A change in the law?
The decision in this case is not a change in the law. However, it does confirm that there needs to be no special circumstances or moral obligation for an adult child to bring a claim. The case will be cited in the future in support of claims brought by adult children.
However, the key problem for the Charities is their lack of financial need. All were substantial national organisations. Had the other beneficiaries been family members or other individuals with need, the Court of Appeal could well have reached a different decision.
Another key point of note is the size of the Deceased’s estate. At £486,000, the value of her estate was higher than many estates and it was large enough to bear an award of a third to Mrs Ilott (although it is highly likely that the Charities’ remaining share was consumed in legal fees). Had the estate been much more modest, the Court of Appeal would have faced a much more difficult decision.

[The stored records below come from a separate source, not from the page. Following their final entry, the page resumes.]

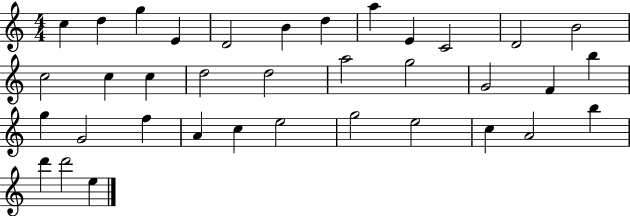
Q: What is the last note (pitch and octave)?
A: E5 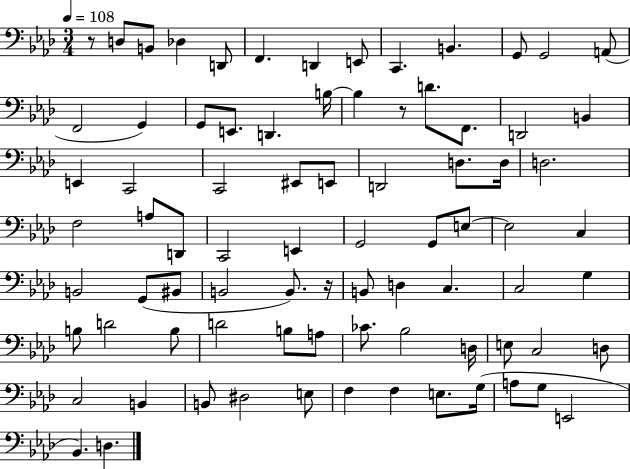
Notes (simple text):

R/e D3/e B2/e Db3/q D2/e F2/q. D2/q E2/e C2/q. B2/q. G2/e G2/h A2/e F2/h G2/q G2/e E2/e. D2/q. B3/s B3/q R/e D4/e. F2/e. D2/h B2/q E2/q C2/h C2/h EIS2/e E2/e D2/h D3/e. D3/s D3/h. F3/h A3/e D2/e C2/h E2/q G2/h G2/e E3/e E3/h C3/q B2/h G2/e BIS2/e B2/h B2/e. R/s B2/e D3/q C3/q. C3/h G3/q B3/e D4/h B3/e D4/h B3/e A3/e CES4/e. Bb3/h D3/s E3/e C3/h D3/e C3/h B2/q B2/e D#3/h E3/e F3/q F3/q E3/e. G3/s A3/e G3/e E2/h Bb2/q. D3/q. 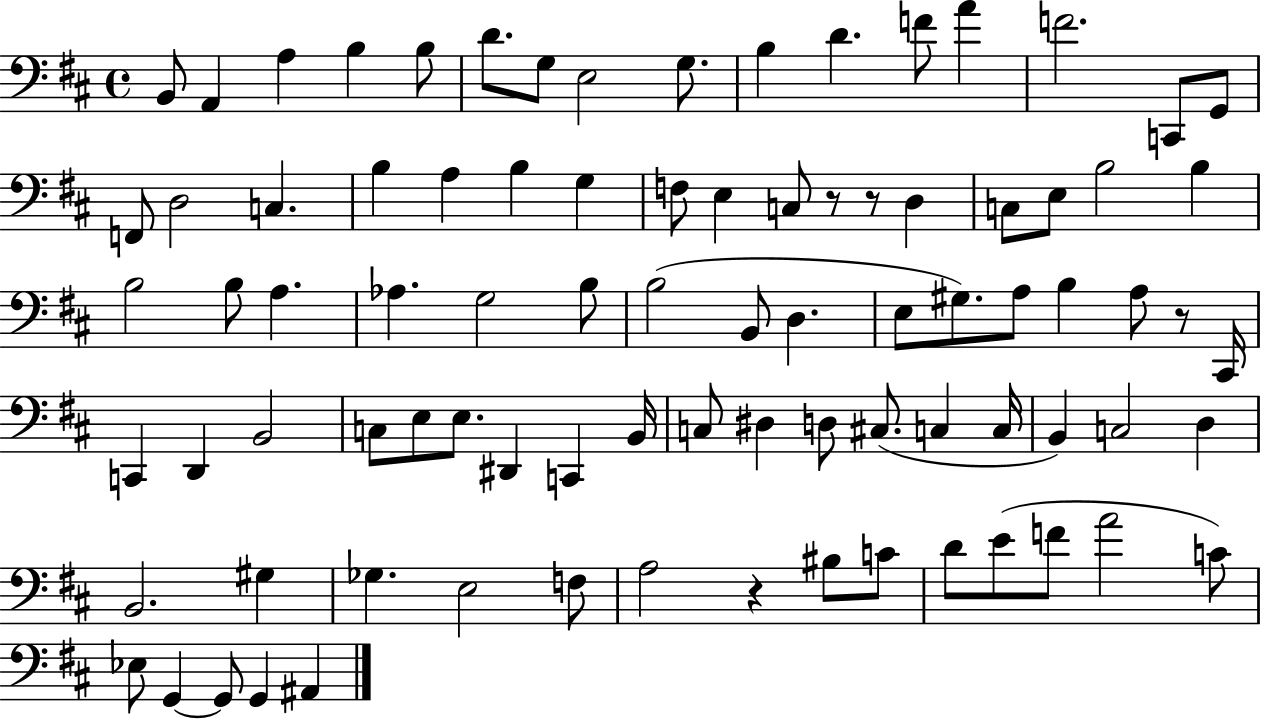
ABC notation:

X:1
T:Untitled
M:4/4
L:1/4
K:D
B,,/2 A,, A, B, B,/2 D/2 G,/2 E,2 G,/2 B, D F/2 A F2 C,,/2 G,,/2 F,,/2 D,2 C, B, A, B, G, F,/2 E, C,/2 z/2 z/2 D, C,/2 E,/2 B,2 B, B,2 B,/2 A, _A, G,2 B,/2 B,2 B,,/2 D, E,/2 ^G,/2 A,/2 B, A,/2 z/2 ^C,,/4 C,, D,, B,,2 C,/2 E,/2 E,/2 ^D,, C,, B,,/4 C,/2 ^D, D,/2 ^C,/2 C, C,/4 B,, C,2 D, B,,2 ^G, _G, E,2 F,/2 A,2 z ^B,/2 C/2 D/2 E/2 F/2 A2 C/2 _E,/2 G,, G,,/2 G,, ^A,, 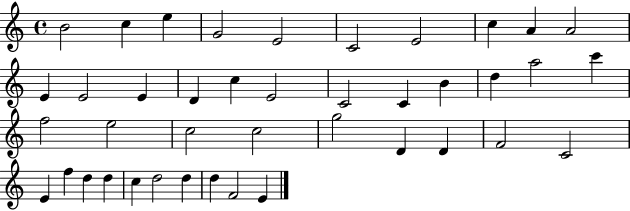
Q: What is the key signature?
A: C major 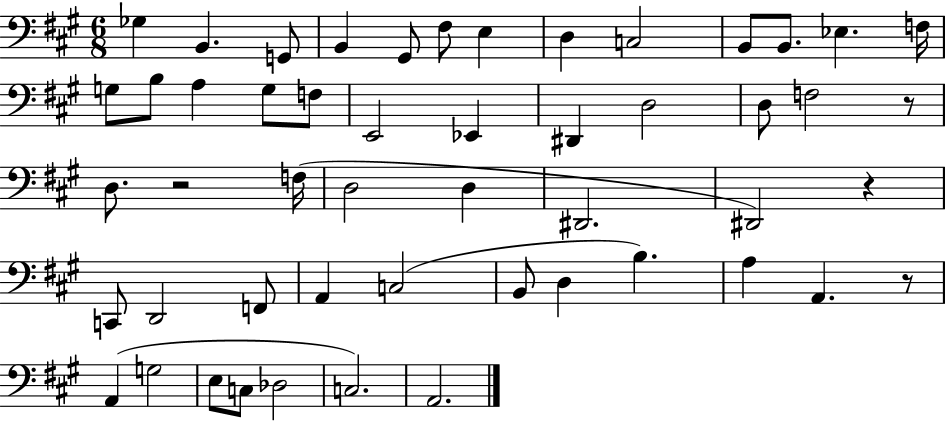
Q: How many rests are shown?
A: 4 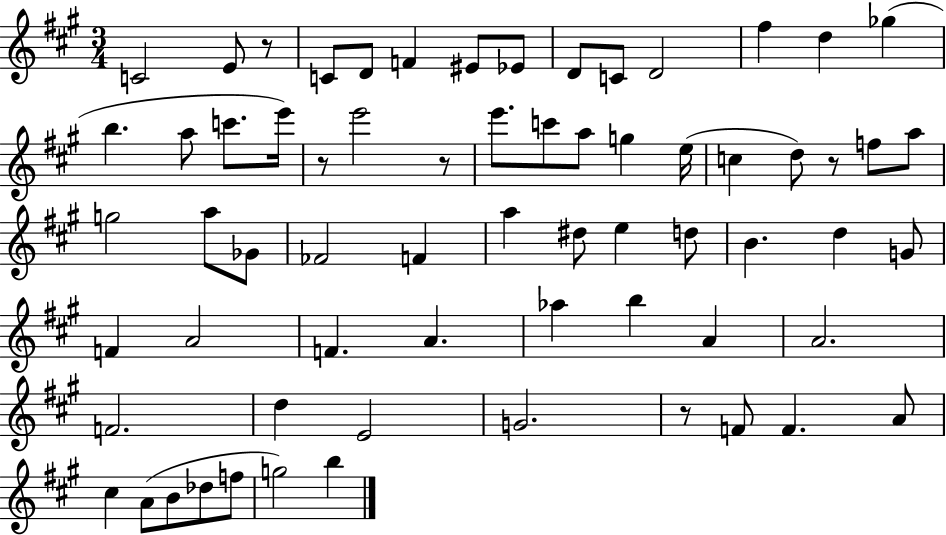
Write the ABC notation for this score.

X:1
T:Untitled
M:3/4
L:1/4
K:A
C2 E/2 z/2 C/2 D/2 F ^E/2 _E/2 D/2 C/2 D2 ^f d _g b a/2 c'/2 e'/4 z/2 e'2 z/2 e'/2 c'/2 a/2 g e/4 c d/2 z/2 f/2 a/2 g2 a/2 _G/2 _F2 F a ^d/2 e d/2 B d G/2 F A2 F A _a b A A2 F2 d E2 G2 z/2 F/2 F A/2 ^c A/2 B/2 _d/2 f/2 g2 b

Finally, the main point to take away is the importance of the factors in assessing Mrs Ilott’s claim. Mrs Jackson should have addressed her mind to this back in 2002, when she made her will. Had she written a less emotive, rationally argued and factually accurate letter of wish, the Court of Appeal would have been unlikely to have been so damning of the rationale behind the award and it might have given greater weight to Mrs Jackon’s wishes than it did.
The content of this page is a summary of the law in force at the present time and is not exhaustive, nor does it contain definitive advice. Specialist legal advice should be sought in relation to any queries that may arise.